For the same reason, I find much resonance with what Patrick describes and refers to in his biography, because they relate to values that are common to the two great civilizations that India and China represent. Here I may quote from the prologue written by Patrick himself: ‘I was blessed with exemplary parents. As I was brought up in a conservative family, I was taught many virtues and forms of wisdom during my childhood by my parents… Although our parents are no longer with us, we must forever remain grateful for their ethical teachings.
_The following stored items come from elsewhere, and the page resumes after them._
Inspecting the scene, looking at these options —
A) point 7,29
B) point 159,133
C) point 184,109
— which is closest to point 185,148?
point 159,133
Our mission is to pass these teachings on to our children and grandchildren and to posterity. Arming new generations with such teachings cannot guarantee a perfect success rate, of course, in today’s material world… but there is always hope! What matters in life is to strive hard and make efforts in pursuance of a good cause.’ (italics added)

 

This concern with respect for elders, the transmission of values to children, the virtue of hard work and perseverance, and feeling of responsibility towards coming generations finds an echo in what I was also exposed to, and that like Patrick I and many others carry as a legacy. No wonder, therefore, his continuing, active involvement in professional, family and related activities at such a ripe old age, ever fresh and ever wanting to do things. Not forgetting the old at the same time as pioneering the new in his chosen field of medicine, taking the risk to introduce what has come to be known as ‘high-tech’ medicine which is very costly indeed, and always ready to adopt and adapt from lessons learned during travels in many parts of the world, and continually ‘analysing my mistakes in order to enable me to move on with a deeper understanding of things’: ‘taking the best and leaving the rest.’

 

All this put together and underpinned by the ‘golden rules’ which he sets out are at the basis of the success of the City Clinic, as he avers. It was a bold move, no doubt, to open a clinic in a previously riot-torn area, at a time (1969) when the only private clinics were situated in the district of Plaines Wilhems and catered essentially to the affluent. It is a fact that we doctors know very little of our local medical history, and the trajectory of Dr Patrick Chui Wan Cheong and that of his children who joined him in the medical profession and other business concerns must represent an important chunk of that history, in particular as it pertains to the private sector in which Patrick with the able support of his family has blazed many a trail. All doctors, especially the younger ones, would find much to learn about medicine in Mauritius over the past 40 years in reading this book, and also be inspired by the nuggets of wisdom that are interspersed throughout.